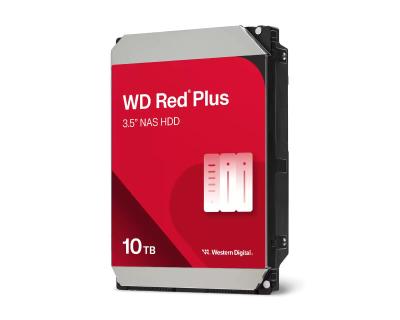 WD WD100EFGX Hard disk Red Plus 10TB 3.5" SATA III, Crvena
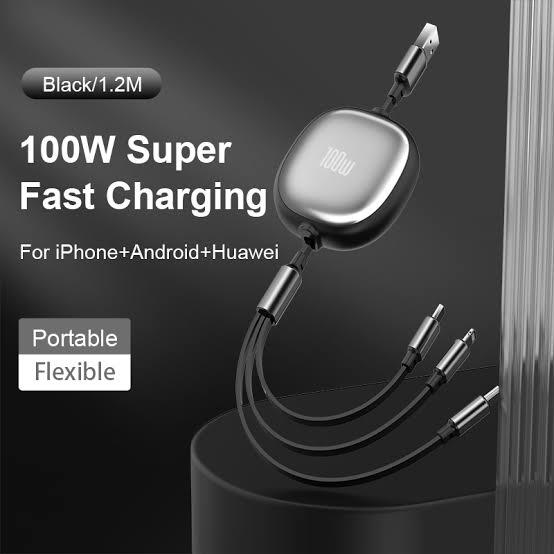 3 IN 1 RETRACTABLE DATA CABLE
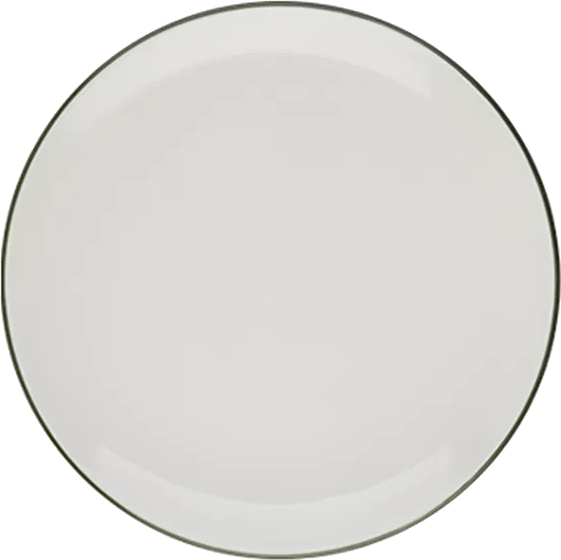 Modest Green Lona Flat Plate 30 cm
---
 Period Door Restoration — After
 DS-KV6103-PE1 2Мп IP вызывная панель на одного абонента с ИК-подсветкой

■ The problem ■
Exactly the lines above from the one that contains "3 IN 1 RETRACTABLE DATA CABLE" down to the one that contains "Modest Green Lona Flat Plate 30 cm" are to be output, both ends kept and pictures omitted.

■ Task output ■
 3 IN 1 RETRACTABLE DATA CABLE
 Modest Green Lona Flat Plate 30 cm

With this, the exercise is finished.